Оливье Руа: У меня есть некоторые сомнения насчет термина «западное общество». Причин для этого две. Во-первых, западное общество крайне разобщено с точки зрения отношения к доминирующим ценностям: не все европейцы являются сторонниками однополых браков, свободы нравов, абсолютной свободы слова. Непосредственно внутри западного общества в настоящее время идет «культурная война». Протесты против однополых браков, «Движение чаепития», ультраортодоксальный иудаизм - все это явно противоречит доминирующим ценностям западного мира. Соответственно, многие из радикализированных мусульман доводят до крайности ту консервативную логику, которую поддерживают и другие круги. Например, женщины, которые присоединились к ДАИШ с целью выйти замуж, являются сторонницами точки зрения о взаимодополняемости полов, которая сходна с воззрениями иных монотеистических религий. С другой стороны, бунтари-джихадисты во многих отношениях являются людьми глубоко западными: они индивидуалисты (стремление быть супергероем), их поведение нигилистично (вспомним массовую резню, учиненную подростками в школе «Колумбайн»), они умело используют СМИ и социальные сети, [для них характерно] рассмотренное Пазолини измерение садизма (см. фильм «Сало»), в котором убийства и изнасилования идут по написанному сценарию, и вседозволенность раскрывается не беспорядочно, а в соответствии с групповыми нормами. Их денотаты западные: гуро-насилие американских фильмов («Лицо со шрамом») и видеоигр («Call of Duty»), садизм постановок (сравните видеосъемки мексиканских наркокартелей со сценами отрезания голов) и, в то же время, глубокий индивидуализм (буду делать то, что захочу). Нет никакого смысла вести разговор не то что о столкновении цивилизаций, но даже просто о цивилизации.

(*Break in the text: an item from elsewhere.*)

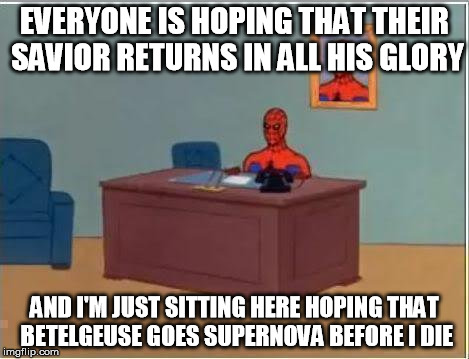 Spidernova | EVERYONE IS HOPING THAT THEIR SAVIOR RETURNS IN ALL HIS GLORY; AND I'M JUST SITTING HERE HOPING THAT BETELGEUSE GOES SUPERNOVA BEFORE I DIE | image tagged in memes,spiderman computer desk,spiderman,betelgeuse,supernova | made w/ Imgflip meme maker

Ау Сениге: Те, кого вы называете «исламскими фанатиками», а я, со своей стороны, называю фанатичными исламистами или исламистскими фанатиками, безусловно, получили ту или иную дозу идеологической обработки. Как следствие, их завербовали и подтолкнули к совершению насильственных действий - к тому, что они называют «джихадом», к убийству тех людей, которые воспринимаются в качестве врагов защищаемого ими дела. Запад предстает в их глазах материалистичным, а следовательно - не имеющим нравственных ценностей, и более того - ответственным за хаос в арабских странах. Конечно же, некоторые из них оказываются в рядах ДАИШ или еще какой-нибудь местной радикальной организации, и их чаяния обретают свой смысл.

Atlantico: Коммунизм и антиглобализм - это формы борьбы с Западом. Что общего между теми, кто прибегает к насилию под знаменами антиглобализма или коммунизма, и теми, кто придерживается взглядов радикального ислама?

Оливье Руа: Да, и в первую очередь потому, что другие идеологии исчезли или, по крайней мере, потеряли свою привлекательность. Националистические идеологии или расистские теории по определению не могут стать глобальными, они «провинциализируются», и если и привлекают молодежь (как это было в случае с нападением на прихожан африканской церкви в Чарльстоне), то по определению не ту ее часть, которая является глобализированной. Крайние левые, хоть и имели сильную антисоветскую ориентацию, но после падения Берлинской стены, которая подорвала коммунистический миф, так и не смогли прийти в себя: теперь они, как и в случае с представителями радикальных экодвижений, имеют больше влияния в интеллектуальных кругах. Чтобы идентифицировать себя с группой «Тарнак 9», необходимо читать работы Алена Бадью или иметь высшее образование, а это не соответствует тому, что мы имеем в случае с молодыми людьми, увлеченными переходом к действиям, ведь именно действия их привлекают, а не теория. Так что лишь джихадизм является сегодня идеологией протеста.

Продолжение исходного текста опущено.